J. L B : Que pensez-vous de la version officielle, que le massacre d’Acteal serait le résultat d’une guerre fratricide, de religions ?
A. Aubry : C’est complètement ridicule, l’ex-Prédident municipal de Chenahlo qui est actuellement en prison est évangéliste et l’actuel Président du Conseil autonome de Polho fait partie de cette même église évangélique. Ce n’est pas du tout une guerre de religion, ils sont de la même religion et ils se tirent dessus. Il n’y a pas de motifs religieux, c’est de l’imagination grotesque pour essayer de dissimuler la véritable explication, ça fait partie du camouflage. Alors, c’est peut-être de bonne foi, mais si c’est de bonne foi, c’est que ce sont des imbéciles, et s’ils sont pas imbéciles, c’est de la mauvaise foi.

J. L B : Quant à une guerre interethnique ?
A. Aubry : La communauté, c’est un mythe. C’est fini, il n’y a pas un seul membre du PRI (Parti Révolutionnaire Institutionnel, le parti au pouvoir depuis plus de 60 ans) qui n’est pas de parent, de gendre ou de neveu qui soit zapatiste. Dans les familles catholiques, on trouve également des évangélistes. L’unité se fait toute seule. En général, c’est la nouvelle génération qui est zapatiste.

J. L B : Quel rôle ont joué les autorités dans le massacre d’Acteal ?
A. Aubry : La caserne de l’armée est à quelques kilomètres d’Acteal, une demi-heure de voiture, le poste de police à dix minutes, et les deux étaient sur les lieux. Il existe des vidéos qui le montrent, il y a des preuves. Ils étaient sur place pendant le déroulement du massacre.

J.L B : Il n’y a aucune intervention de leur part ?
A. Aubry : Il y a eu une intervention de la police qui a commencé à tirer en l’air, quand ils ont vu que les autres ça ne les ébranlait pas, ils ont regardé.

J.L B : Que pensez-vous de la déclaration du nouveau Ministre de l’intérieur demandant le désarmement des zapatistes ?
A. Aubry : Ce qu’il veut faire est une violation de la loi. Il n’a pas le droit. Il a essayé de faire un sophisme en demandant un désarmement sans distinctions. Il va être obligé de changer de discours. L’EZLN est le seul groupe qui a le droit d’avoir des armes et le désarmement de l’EZLN ne se fera pas sur le terrain, mais à une table de signatures d’accord. Pour les paramilitaires, c’est autre chose, ce sont des criminels de guerre sur lesquels la loi Fédérale doit s’appliquer. Le plus gros problème est de savoir si ce nouveau secrétaire du gouvernement est capable de parler avec l’armée.

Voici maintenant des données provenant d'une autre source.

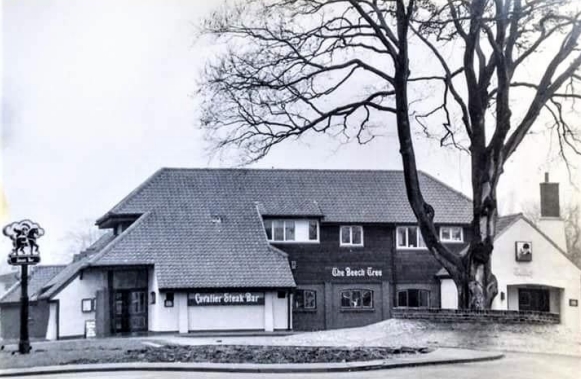 Old black and white photograph of The Beech Tree public house in Kirk Ella
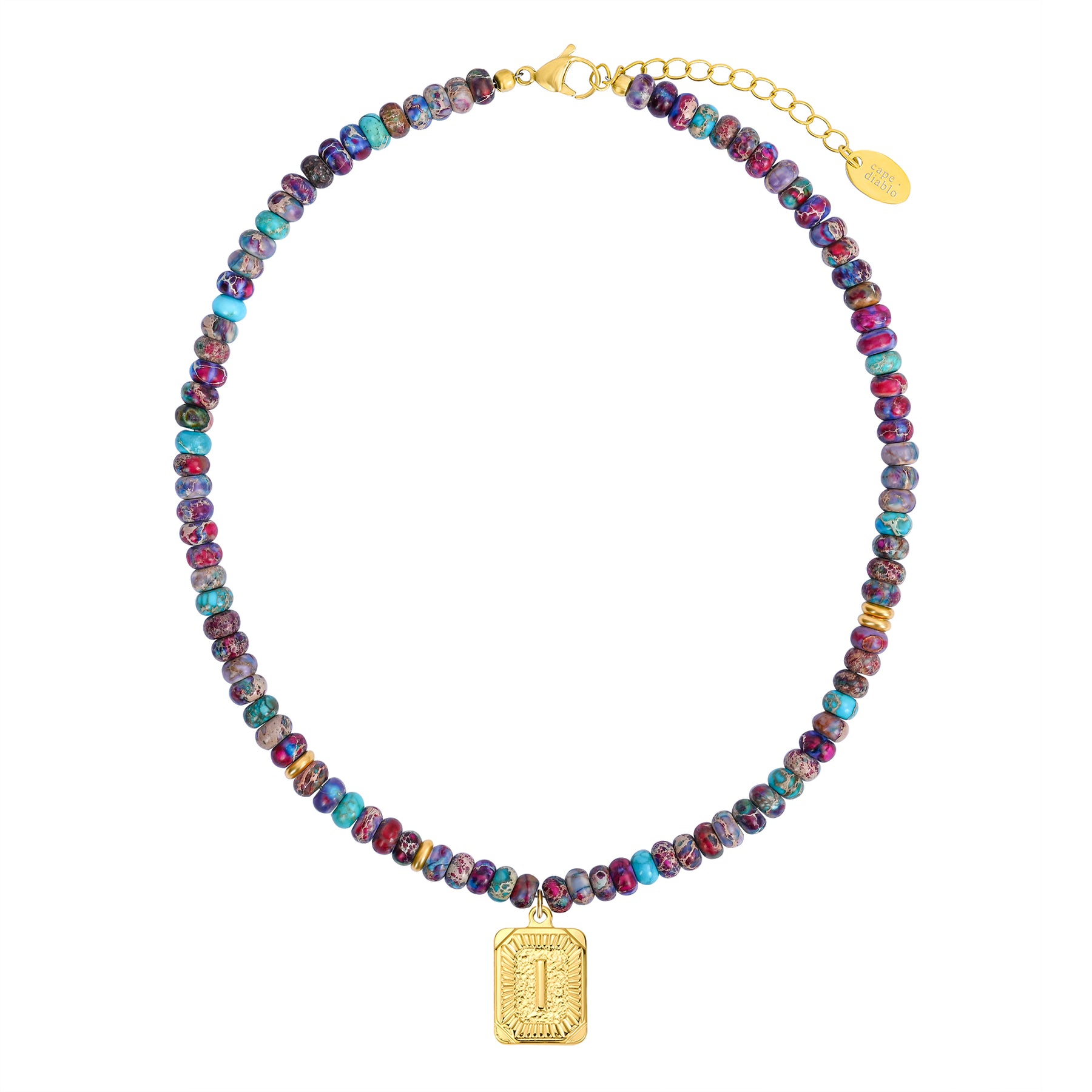 Collana a bolla con iniziale e gemma vivace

J.L B : Est ce que l’Etat contrôle bien l’armée ?
A. Aubry : Disons, qu’il fait avec. L’armée n’a jamais eu autant de pouvoir, avec le budget qu’elle a, qui est absolument énorme. L’armée mexicaine avant 1994 (année de l’insurrection zapatiste) était pauvre. Depuis 94, c’est un pouvoir inouï. Donc, le gouvernement n’a plus beaucoup d’arguments devant l’armée, si elle n’est pas d’accord. C’est un très gros problème.

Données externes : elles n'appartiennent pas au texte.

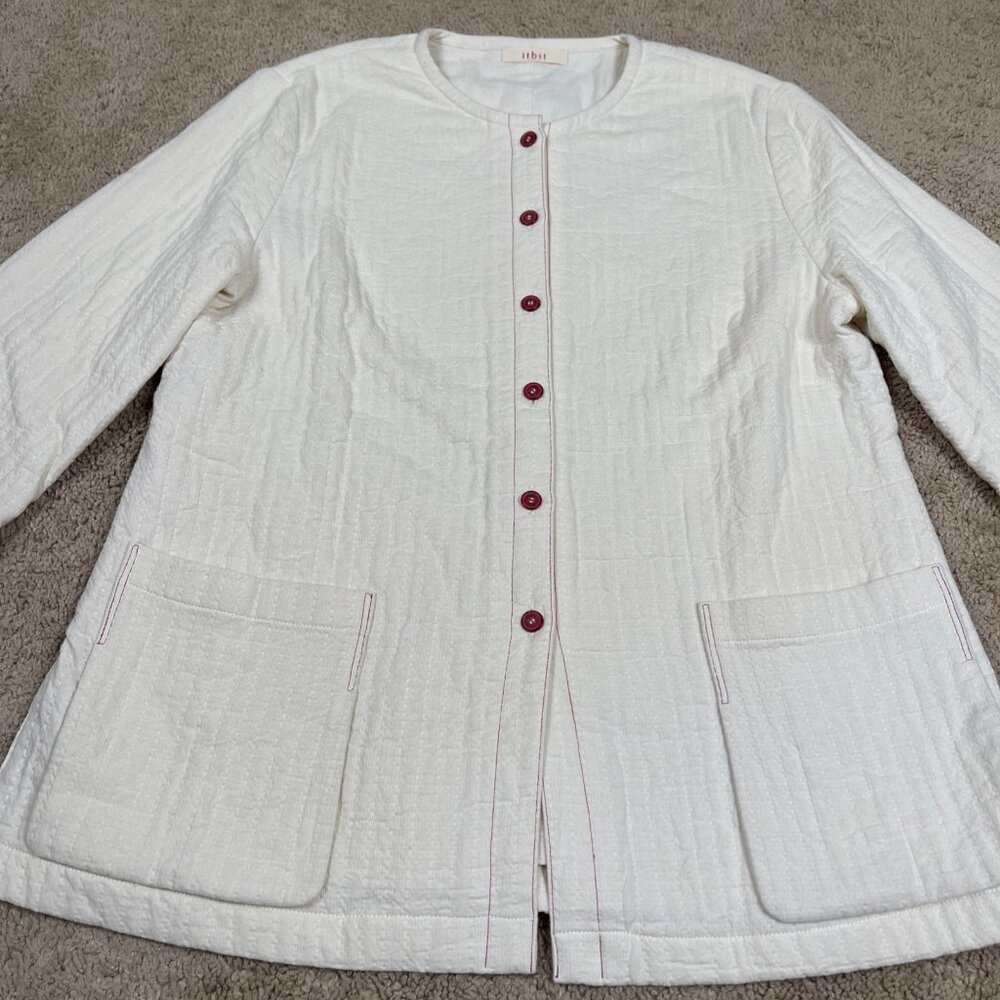 Itbit Jacket Womens L Beige Muslin Natural Fiber Bohemian Artsy Hippie Blazer - Picture 2 of 9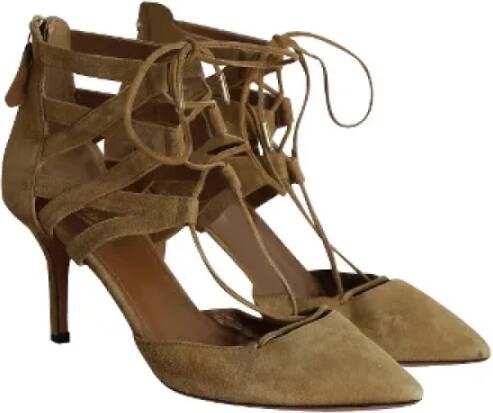 Aquazzura Pre-owned Suede heels Beige Dames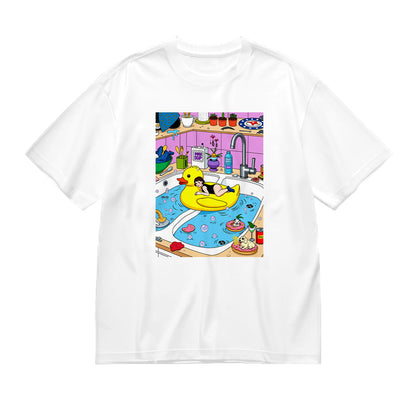 Cute Duck in Kitchen Sink Graphic T-Shirt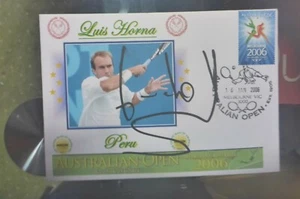 LUIS HORNA TENNIS   HAND SIGNED AUSTRALIAN OPEN COVER 2006 - Bild 1 von 1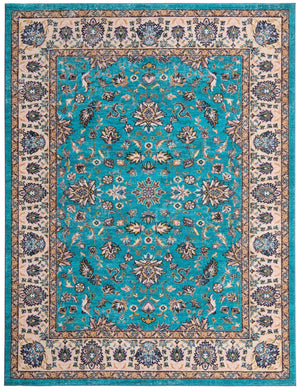 Arctic Aqua Blue 8' x 10' 4 Medina Washable Rectangle Rug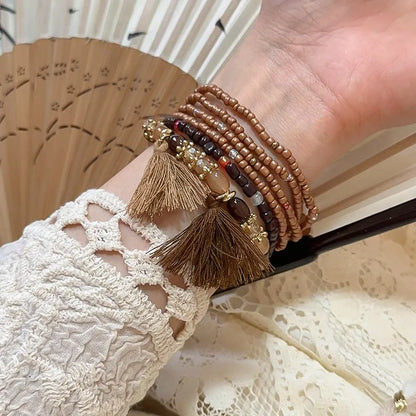 Pulsera de Cuentas de Arroz con Flecos y Cristal Chapada en Oro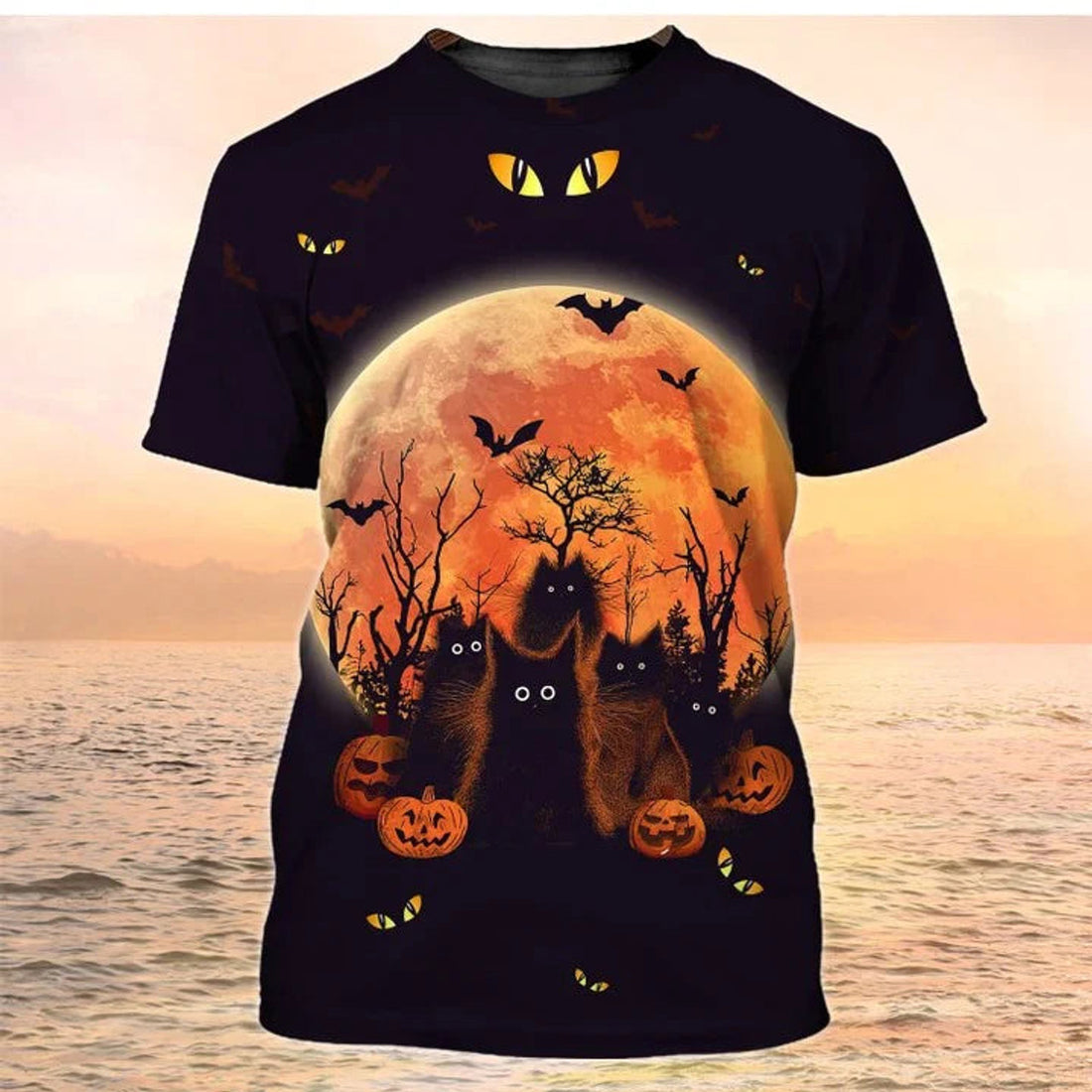 Halloween Cats Shirts Black Cat Halloween PrinT-Shirt Halloween Tee Shirt Halloween Gift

J. L B : Y a t-il des risques que les militaires prennent le pouvoir ?
A. Aubry : Non, ça ne peut plus se faire, c’est passé, mais il peut y avoir des arrangements à la Fujimori (Président péruvien) où il s’élabore quelque chose. Le problème, c’est que l’armée n’a aucun poids populaire, ça fait vingt ans que l’armée ne cesse de faire des exactions dans les régions indigènes, qu’elle est compromise avec la drogue, la contrebande écologique, etc. L’armée est évidemment impliquée dans le massacre d’Acteal, ce sont les paramilitaires qui ont agi, mais si on les appelle paramilitaires, c’est à cause de leurs liens avec les militaires. L’armée est bête et vaniteuse, donc il est possible qu’elle ne se rende pas compte, mais ça va très être difficile qu’elle se fasse accepter. Je crois que c’est ce qui équilibre dans le pouvoir que lui donne les armes, son argent, la consistance qu’a l’armée et l’inconsistance qu’a le gouvernement dans un régime au bout du rouleau.

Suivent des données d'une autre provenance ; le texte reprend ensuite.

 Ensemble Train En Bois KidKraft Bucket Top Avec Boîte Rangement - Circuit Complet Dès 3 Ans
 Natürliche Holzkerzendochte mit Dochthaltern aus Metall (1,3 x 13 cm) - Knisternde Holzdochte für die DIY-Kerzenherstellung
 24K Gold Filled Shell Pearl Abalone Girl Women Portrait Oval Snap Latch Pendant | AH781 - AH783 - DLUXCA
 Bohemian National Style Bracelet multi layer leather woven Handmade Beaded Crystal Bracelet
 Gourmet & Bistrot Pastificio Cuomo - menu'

J.L B : Pourquoi le Président mexicain ne donne pas l’ordre aux militaires de se retirer des zones indigènes ?
A. Aubry : Zedillo, c’est pas un politique, c’est un technocrate. Il est un peu perdu au milieu des groupes politiques, y compris de son propre parti. Le PRI ne signifie plus rien, il y a le PRI des dinosaures, le PRI d’un tel ou d’un tel, etc. Il a commencé à consulter, ça n’a pas marché, il a confiance en pratiquement personne, donc il reporte toute sa confiance sur les militaires. Alors il a eu un coup, quand même, il y a six mois quand on a découvert les militaires narcos. Mais qui sait ? parce que tout le monde dit que sa femme est narco aussi. Je crois qu’il navigue à vue, mais je crois, en étant plus tranquille avec l’armée qu’avec ses conseillers. En même temps, il vaut mieux qu’il s’entende bien avec l’armée, sinon il pourrait en être la victime.

J.L B : Est-ce qu’il existe une alternance politique au Mexique ?
A. Aubry : Les zapatistes ne sont pas un parti politique, mais ils ont un projet politique. Il y a une opposition, c’est le PRD, le PAN. Une opposition qui a gagné pour la première fois, mais qui ne sait pas trop quoi faire, elle est un peu adolescente. Au point que Zedillo n’a pas instauré l’ombre d’une cohabitation, il n’y a pas eu le moindre remaniement ministériel.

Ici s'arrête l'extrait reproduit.